Suppose that F is a continuous c.d.f. on the real line, and let \({{\bf{\alpha }}_{\bf{1}}}\,{\bf{and}}\,{{\bf{\alpha }}_{\bf{2}}}\)be numbers such that \({\bf{F}}\left( {{{\bf{\alpha }}_{\bf{1}}}} \right)\,{\bf{ = 0}}{\bf{.3}}\,{\bf{and}}\,{\bf{F}}\left( {\,{{\bf{\alpha }}_{\bf{2}}}} \right){\bf{ = 0}}{\bf{.8}}{\bf{.}}\). Suppose 25 observations are selected at random from the distribution for which the c.d.f. is F. What is the probability that six of the observed values will be less than \({{\bf{\alpha }}_{\bf{1}}}\), 10 of the observed values will be between \({{\bf{\alpha }}_{\bf{1}}}\) and \({{\bf{\alpha }}_{\bf{2}}}\), and nine of the observed values will be greater than \({{\bf{\alpha }}_{\bf{2}}}\)?

Short answer

0.0060.

Step-by-step solution

Given information

A cdf F is given. Two points are located on it \({\alpha _1}\) and\({\alpha _2}\). Their respective cdf values is\(F\left( {{\alpha _1}} \right)\, = 0.3\,and\,F\left( {\,{\alpha _2}} \right) = 0.8.\)

Defining the data points

The elements of the population lie on this cdf graph. Let there be k distinct data points.

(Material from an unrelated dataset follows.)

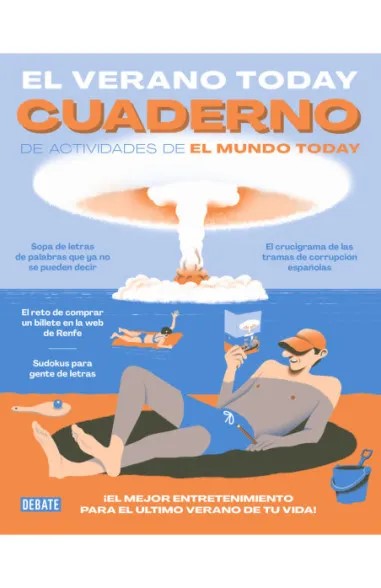 El Verano Today: Cuaderno de actividades de El Mundo Today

Let \({X_1}\) denote the elements from the ith group that lies below \({\alpha _1}\). The probability of a point lying here is denoted by \({P_1}\).

Similarly, let \({X_2}\) denote the elements from the 2nd group that lie between \({\alpha _1}\) and \({\alpha _2}\). The probability of a point lying here is denoted by \({P_2}\).

And lastly, let \({X_3}\) denote the elements from the 3^rd group that lie above \({\alpha _2}\).

The probability of a point lying here is denoted by \({P_3}\).

Thus, the points \({P_1} + {P_2} + {P_3} = 1\) defined by observing \({X_1} = {x_1},{X_2} = {x_2},{X_3} = {x_3}\).

Since, \(F\left( {{\alpha _1}} \right)\, = 0.3\,and\,F\left( {\,{\alpha _2}} \right) = 0.8.\)

Therefore,

\(\begin{aligned}{c}{P_1} &= 0.3\\{P_2} &= 0.8 - 0.3\\ &= 0.5\\{P_3}& = 1 - 0.8\\ &= 0.2\end{aligned}\)

Defining the pdf

This is an example of a multinomial distribution. Here are the data points \({X_i} \sim {\rm{Multinomial}}\left( {n,{p_i}} \right),\,i = 1,2,3\)

We have total 25 data points. Therefore, n=25.

Therefore, the pdf is

\(\left( {\frac{{25!}}{{{x_1}!{x_2}!{x_3}!}}} \right){p_1}^{{x_1}}{p_2}^{{x_2}}{p_3}^{{x_3}}\)

Substituting the values

It is given that \({x_1} = 6,{x_2} = 10,{x_3} = 9\)

Therefore,

\(\begin{aligned}{}p\left( x \right) &= \left( {\frac{{25!}}{{6!10!9!}}} \right){\left( {0.3} \right)^6}{\left( {0.5} \right)^{10}}{\left( {0.2} \right)^9}\\ &= 0.0060\end{aligned}\)

Therefore, the probability that six of the observed values are less than\({{\bf{\alpha }}_{\bf{1}}}\)10 are between\({{\bf{\alpha }}_{\bf{1}}}\), and\({{\bf{\alpha }}_{\bf{2}}}\)9 are above\({{\bf{\alpha }}_{\bf{2}}}\)is 0.0060.